You have tons of options for socializing your puppy, you just have to be a little creative. Someone with more experience may correct me, but I believe your number one concern is to keep your puppy away mainly from places where other dogs and wild animals may have relieved themselves. If you have a concern, just carry him around mostly.

When Duncan was a puppy, I took a pocket full of treats and he went everywhere I could think of. Your ideas were great, take a folding lawn chair and sit in front of the grocery store or Target. My favorites were the public library and to my kids' activities like dance class and the bus stop. I asked anyone who showed any interest in him to give him a treat when he performed "sit". He is very, very good about not jumping on strangers and I credit this to his early training to sit for strangers. 

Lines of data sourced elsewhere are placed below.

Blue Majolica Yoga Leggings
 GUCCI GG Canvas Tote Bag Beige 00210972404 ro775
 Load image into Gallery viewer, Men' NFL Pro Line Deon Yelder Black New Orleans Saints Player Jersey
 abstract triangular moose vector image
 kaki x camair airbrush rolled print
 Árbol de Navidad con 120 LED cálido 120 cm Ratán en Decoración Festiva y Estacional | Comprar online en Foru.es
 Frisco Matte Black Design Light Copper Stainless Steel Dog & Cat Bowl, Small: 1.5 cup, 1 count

My breeder told me any experience that takes him outside the norm is beneficial.... going through the carwash, running errands, anything. All of these are good and the treats help make them positive experiences. Just remember to bring a towel and plastic bags to clean up any messes and chew toys so he's not chewing on you or your car. This can be a good time to let him get used to riding in a crate in the car. This is great for safety and so you can leave him in the car while you go inside places he can't. A puppy brought home in the cooler months has this advantage over a summer puppy.

Have fun!!!!


----------



## Alfie's Girl (May 6, 2010)

Hi

You can take Tulo lots of places before he has had his shots! Take him in the car when you go on short trips, take him to your friends houses, take him to pet shops (but carry him in your arms!) If you have friends with dogs and you know that their dogs are healthy and have all the shots up to date then you can socialise Tulo with them! It's right to be careful but socialising him is also very important. Basically if you take him somewhere where there could have been dogs then carry him! 

Good luck!


----------



## BetterThanYourBentley (Oct 16, 2010)

So after the puppies have all 3 sets of shots then you can take them to places and let them walk?


----------



## Alfie's Girl (May 6, 2010)

BetterThenYourBentley said:


> So after the puppies have all 3 sets of shots then you can take them to places and let them walk?


Yes that's right! Usually you will have to wait a full week after the last round of shots for your pup to be fully protected. After that you can let them walk anywhere and mingle with other dogs.


----------



## BetterThanYourBentley (Oct 16, 2010)

K thanks... i pick my little guy up in two weeks... go meet him on sunday!!


----------